#### [Exercise]
Exact copies of all the lines below are required, with the pictures omitted.

[Crawled caption data]
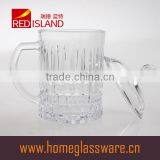 Crystal Glass Mug Glass Tea Cup With Handle&glass Lid thumbnail-2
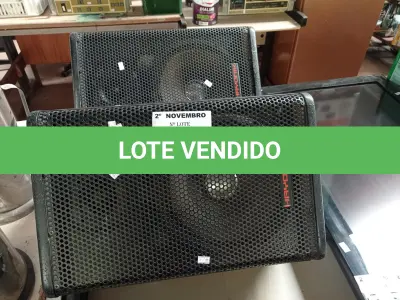 LOTE 307 - 02 CAIXAS DE SOM PASSIVAS HAYONIK EX-110ST. (NO ESTADO) ATENÇÃO! FAZER A VISITAÇÃO ANTES DE ARREMATAR, NÃO SABEMOS SE FUNCIONA. LEILÃO NÃO TEM GARANTIA E NEM DEVOLUÇÃO, SUJEITO A POSSÍVEIS AVARIAS VISÍVEIS/OCULTAS E/OU AUSÊNCIA DE COMPONENTES.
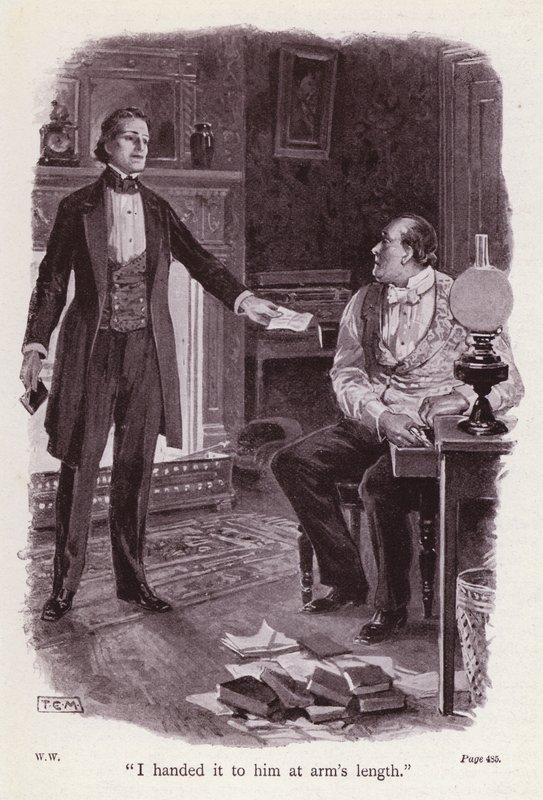 Illustratie voor The Woman In White door Wilkie Collins door Thomas Eyre Macklin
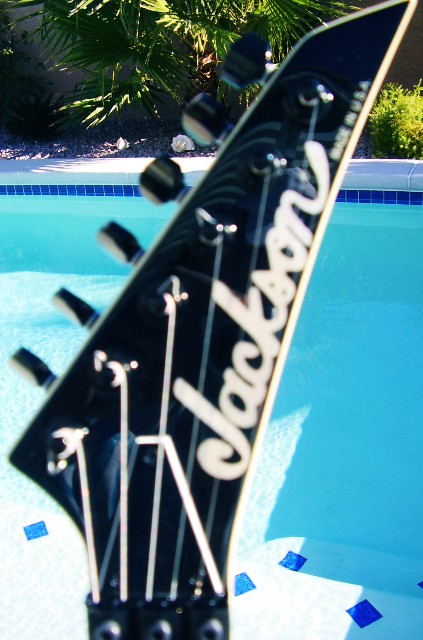 Jackson 2000 USA Soloist - Headstock / detail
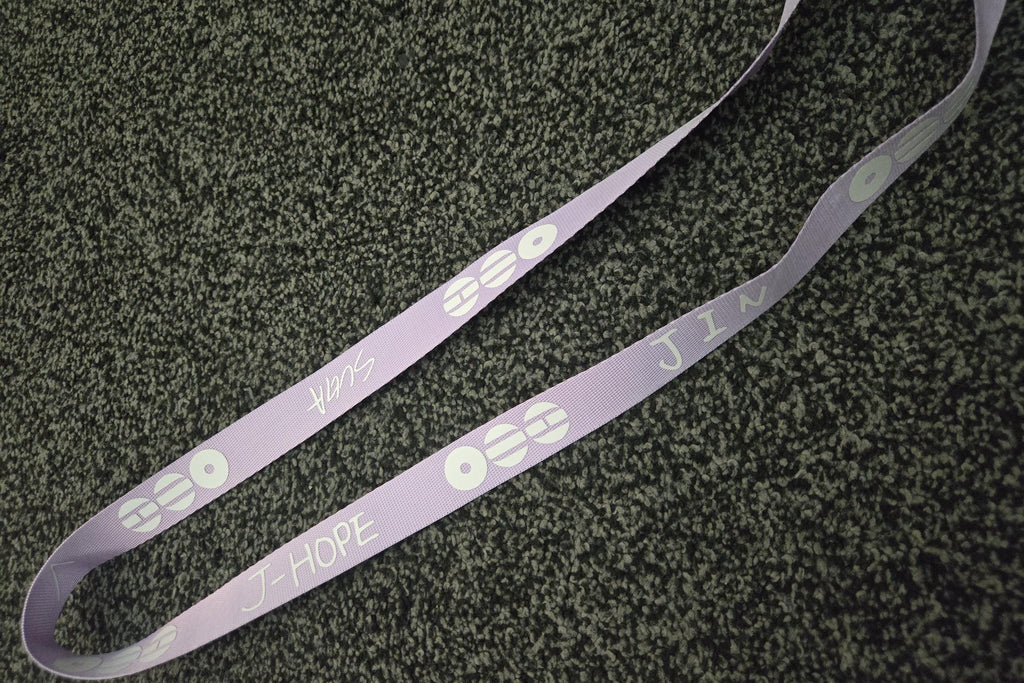 Arirang lightstick holder, lanyard BTS- purple and white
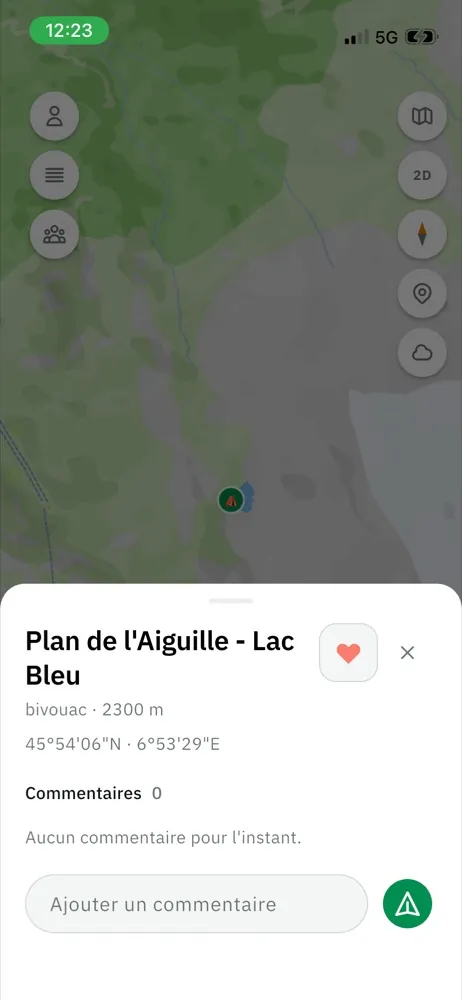 Scheda di un bivacco con commenti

#### [Exercise output]
 Crystal Glass Mug Glass Tea Cup With Handle&glass Lid thumbnail-2
 LOTE 307 - 02 CAIXAS DE SOM PASSIVAS HAYONIK EX-110ST. (NO ESTADO) ATENÇÃO! FAZER A VISITAÇÃO ANTES DE ARREMATAR, NÃO SABEMOS SE FUNCIONA. LEILÃO NÃO TEM GARANTIA E NEM DEVOLUÇÃO, SUJEITO A POSSÍVEIS AVARIAS VISÍVEIS/OCULTAS E/OU AUSÊNCIA DE COMPONENTES.
 Illustratie voor The Woman In White door Wilkie Collins door Thomas Eyre Macklin
 Jackson 2000 USA Soloist - Headstock / detail
 Arirang lightstick holder, lanyard BTS- purple and white
 Scheda di un bivacco con commenti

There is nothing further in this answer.